# Basics about The 2 Great Italian Cheeses I



## Margi Cintrano (May 13, 2012)

Good Morning,

Italia is one of the world´s largest cheese producers. Perhaps, you don´t know it because uncountable cheeses are only produced on a regional or local basis for provinical markets. Out of hundreds, over 400, are virutally unknown outside of Italia.

Still, a vast number are widely fancied and exported to the USA. Here is an introduction on two of the most popular exports.

 PARMIGIANO - REGGIANO 

Firstly, there is only one Parmigiano - Reggiano, though there are several cheeses called Parmesan in the USA. 

Parmigiano - Reggiano has been producing cheese since 1500 in the following regions of Italia: Parma, Emilia Romagna and in a small rural part of the province of Mantua, Lombardia. 

In these Designation of Origins, this cheese is produced from only 100%pasture grazing cows, and can only be produced between mid-April and mid-November when pasture land is available.

You shall know the authentic cheese when you see the name Parmigiano- Reggiano stamped repeatedly in closely spaced brown letters on the hard, shiny yellow rind of a wedge, which comes from a wheel of cheese which can weigh more than 70 pounds or more.

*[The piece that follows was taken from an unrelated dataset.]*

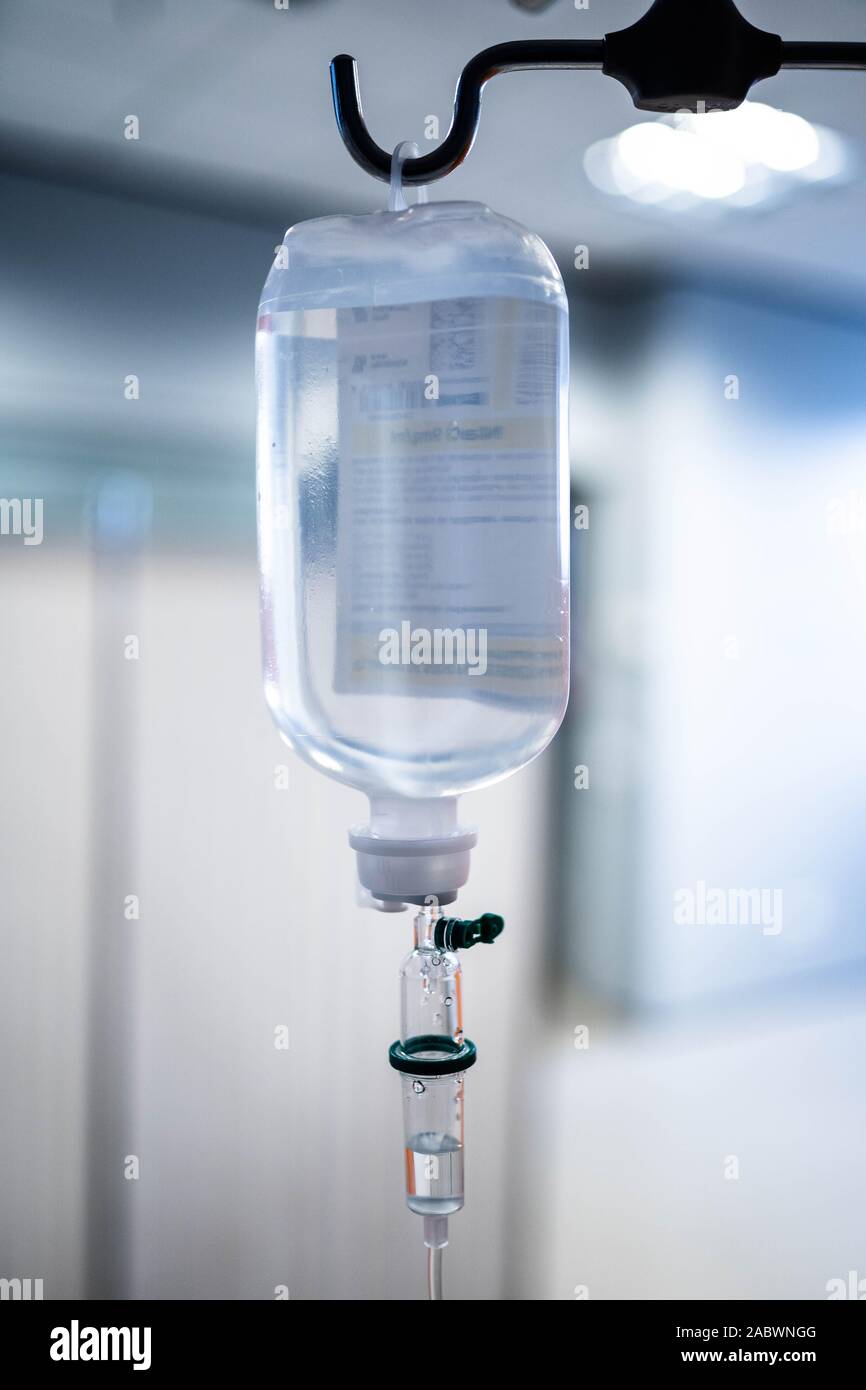 Soluzione salina flebo IV liquido per infusione in background dell'ospedale. Infusione endovenosa apparecchi per fleboclisi in ospedale Foto Stock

By law, the cheese must mature for at least 14 months before it is sold. 

In Italia, there are 3 types: Stravecchio which is aged for 24 to 36 months, Reggiano Vecchio which is 18 to 24 months, and Reggiano Fresco which is aged for less than 18 months. 


Parmigiano - Reggiano is an ideal cheese for grating which adds profound depth of flavor to pastas, baked dishes and soups, vegetables or salads
however, it is quite noble eating on its own too.

 PECORINO 

There are several types of 100% Ewe milk Pecorino; Romano, Tuscano and the most elite and extraordinaire, Sardo. 

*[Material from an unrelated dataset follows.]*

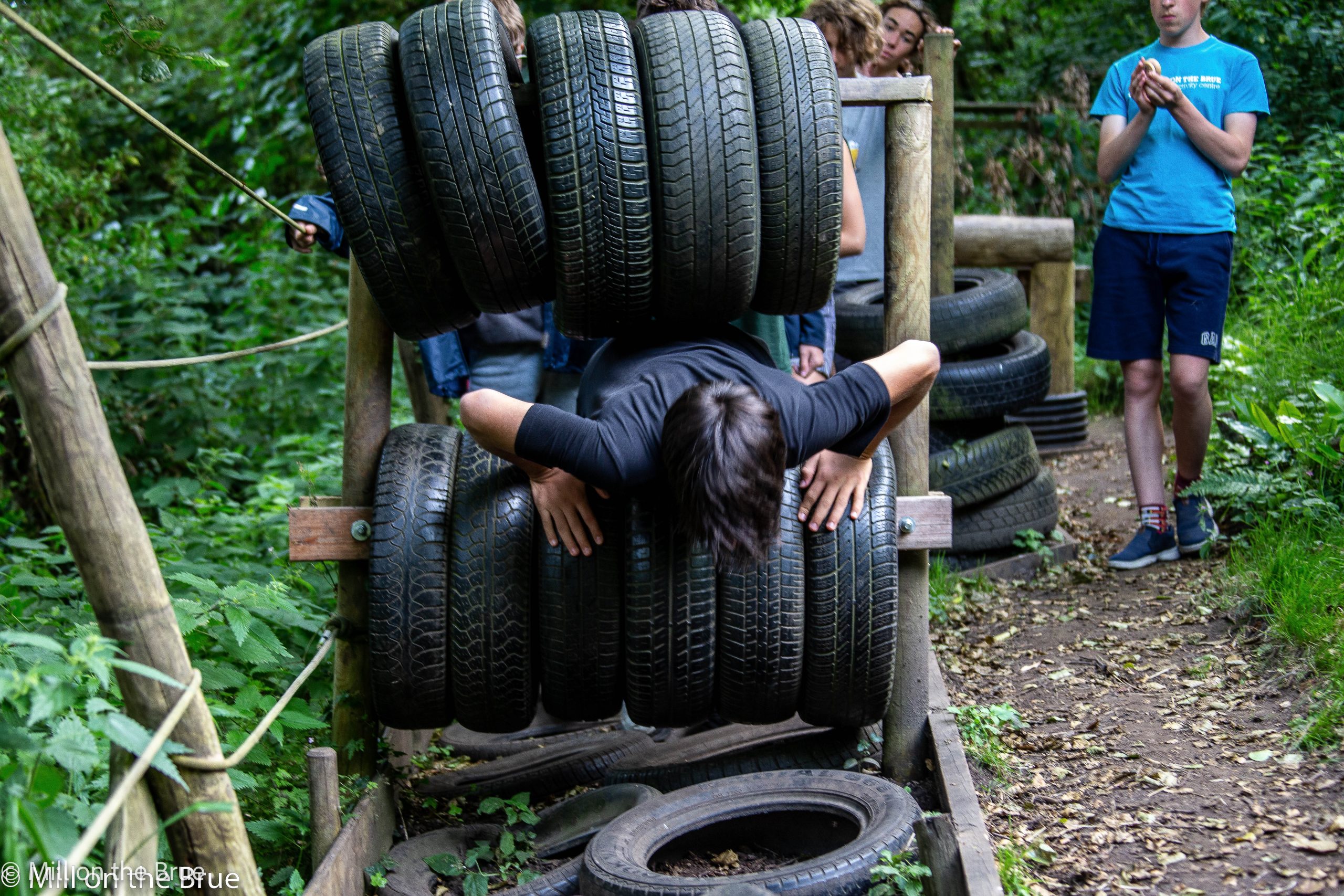 Child climbs through an obstacle course made of tyres.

Pecorino Sardo is produced in the mountains of central southern Sardinia. 
It takes 1,000 sheep to produce 19 large cheeses. Tuscany produces Cacio, an old fashioned word for cheese used in Toscana now called Pecorino Toscano. 


On a small scale, on the outskirts of Roma, Lazio, Romano is produced. A famous Lazio province brand exported to the USA, is Lucatelli Romano. 

However, the finest cheese in this genre, is Pecorino Sardo, that is exported to the USA is from the Dettori Family and it is sold in Manhattan´s Little Italy at 200 Mott Street. 

Have a lovely weekend.
Margaux Cintrano.


----------



## GLC (May 13, 2012)

Our local access to good Italian cheeses varies wildly in the U.S. If you live in an area with a history of immigration from Italy or a very large city, no problem. Other areas often have limited options and rather high prices. And rural communities (and the U.S. is almost entirely smaller towns and rural communities, despite the image from news, film, and television) may have almost nothing but inferior domestic imitations of a couple. So it's worth passing around good sources, so I'll review my cheese source.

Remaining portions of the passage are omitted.